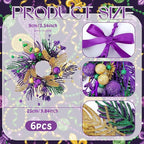 6 PCS Mardi Gras Purple and Green Glitter Mini Cabinet Wreaths for Front Door Carnival Party Decor Wreath Mardi Gras Hanging Garlands Candle Rings for Front Door Home Window Chair Wall Indoor Outdoor
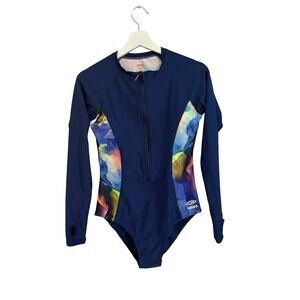 AXESEA Blue Long Sleeve Front Zip Rash Guard Accents OnePiece Swimsuit Size 10‎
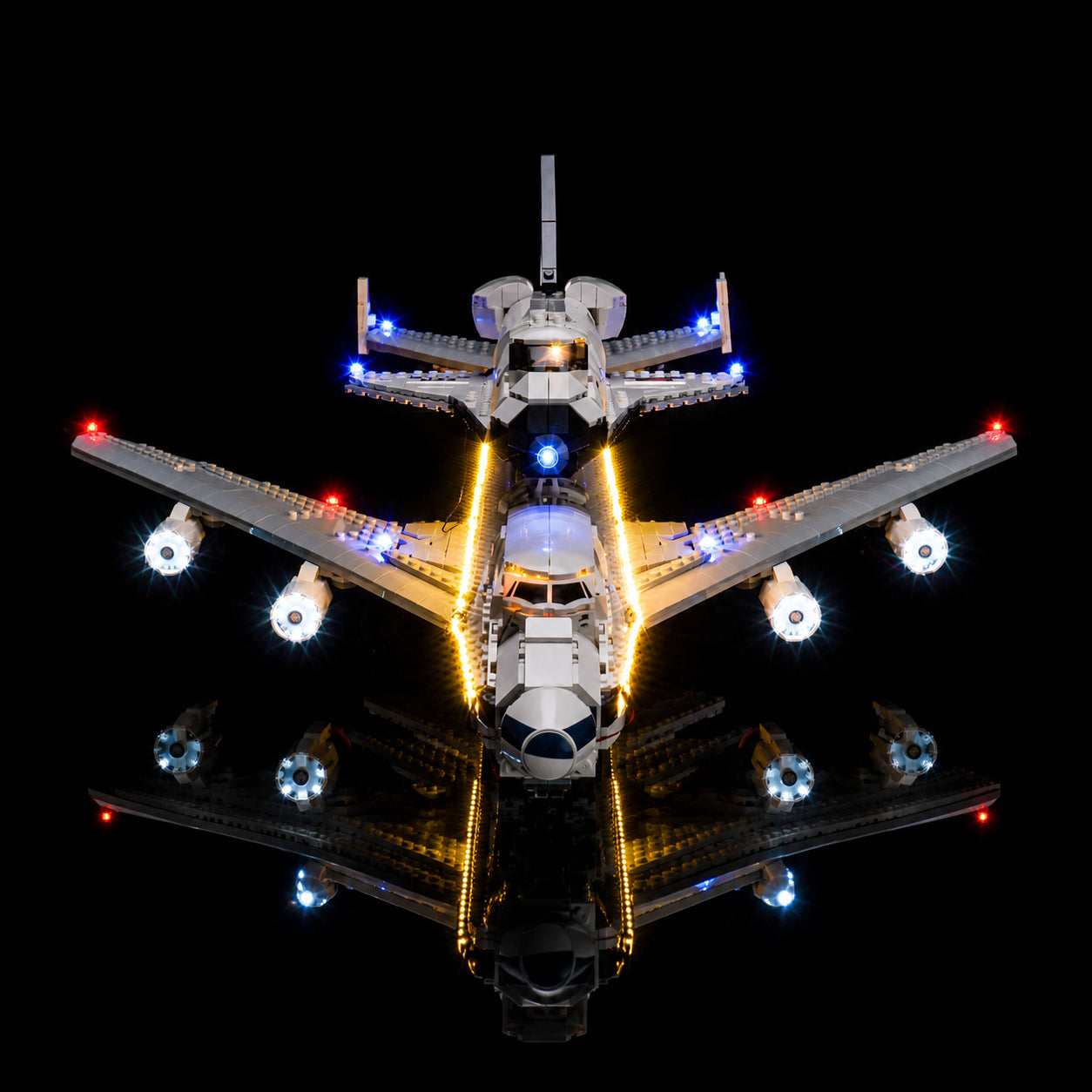 LEGO® Icons Shuttle Carrier Aircraft #10360 display lighting in a dark room, with the USB-powered LED light kit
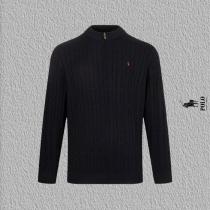 ポロ ラルフローレン Polo Ralph Laurenハーフジッパー麻刺繍ニットクルーネックセーター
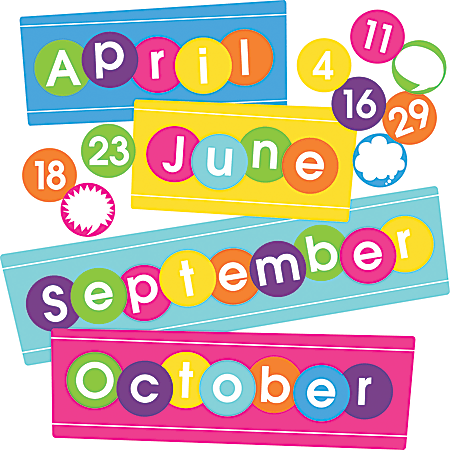 Barker Creek Calendar Month And Number Set, 12" x 5", Happy, Pre-K - College
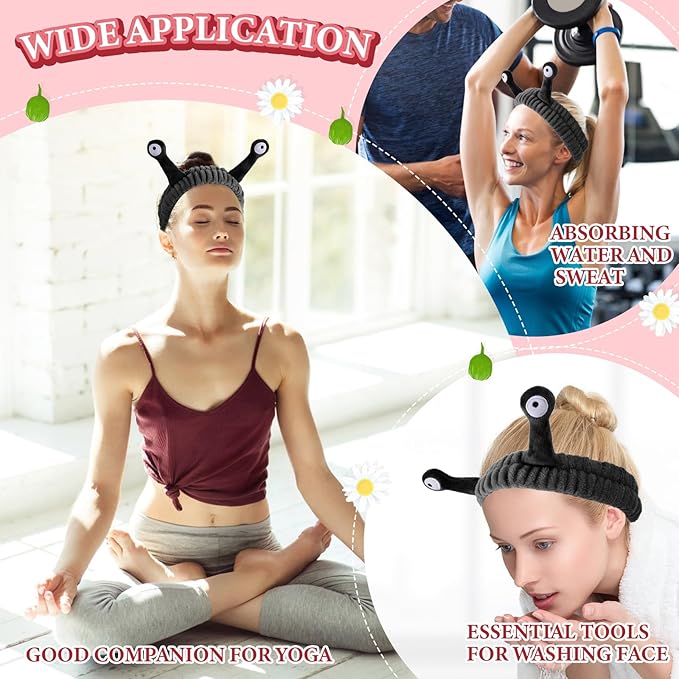 WLLHYF Spa Headband Facial Makeup Head Band Microfiber Soft Coral Fleece Head Wraps Snail Cartoon Cute Hair Accessories Elastic Skincare Hair Band for Women Girls Washing Face Beauty (Black)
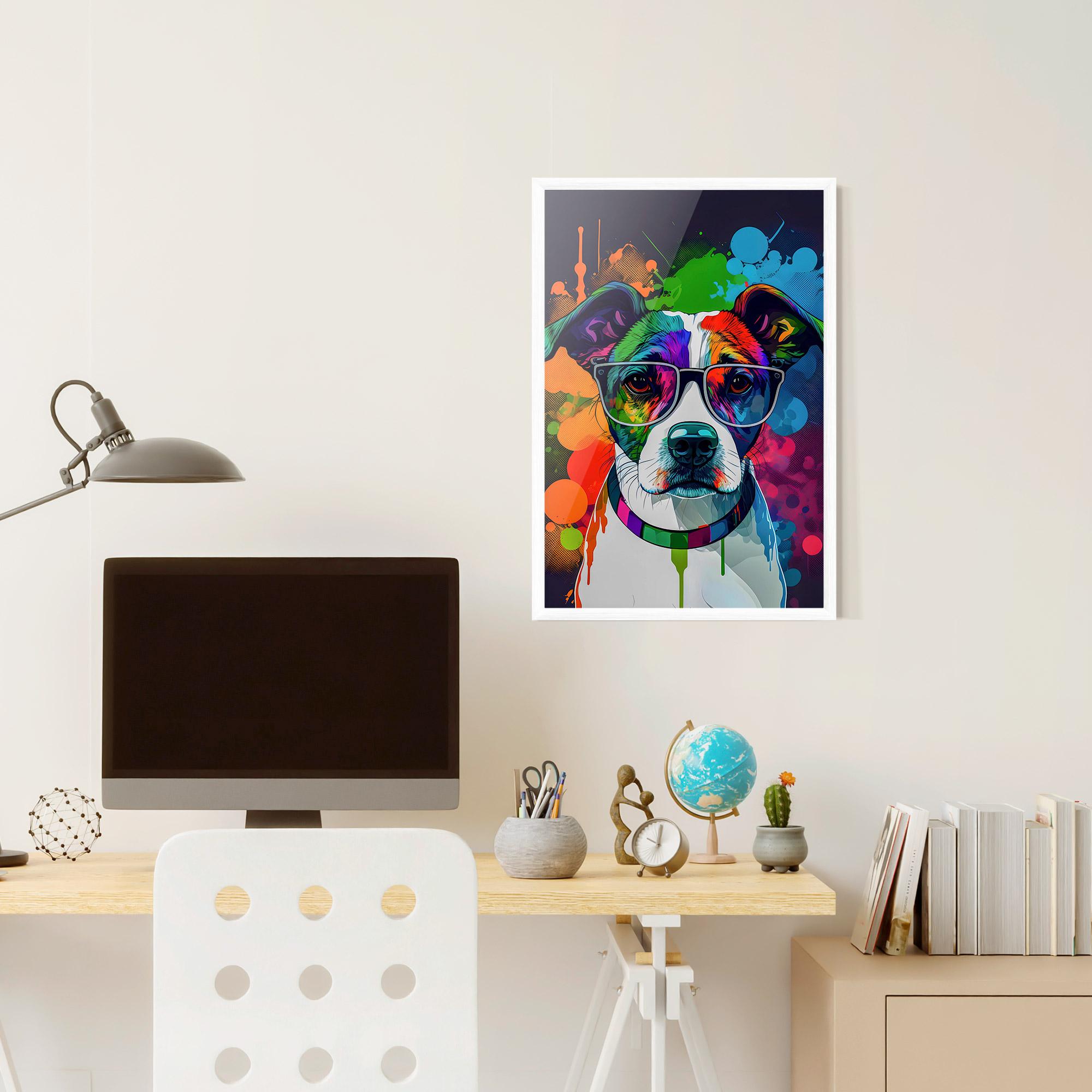 Poster Înrămat Colorful Dog mockup 6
──────────────────────────────
PROBLEM TO WORK ON: Start at the line holding "AXESEA Blue Long" and stop at the last line of the entries above. Repeat those lines exactly, pictures excluded.

OUTPUT BELOW:
 AXESEA Blue Long Sleeve Front Zip Rash Guard Accents OnePiece Swimsuit Size 10‎
 LEGO® Icons Shuttle Carrier Aircraft #10360 display lighting in a dark room, with the USB-powered LED light kit
 ポロ ラルフローレン Polo Ralph Laurenハーフジッパー麻刺繍ニットクルーネックセーター
 Barker Creek Calendar Month And Number Set, 12" x 5", Happy, Pre-K - College
 WLLHYF Spa Headband Facial Makeup Head Band Microfiber Soft Coral Fleece Head Wraps Snail Cartoon Cute Hair Accessories Elastic Skincare Hair Band for Women Girls Washing Face Beauty (Black)
 Poster Înrămat Colorful Dog mockup 6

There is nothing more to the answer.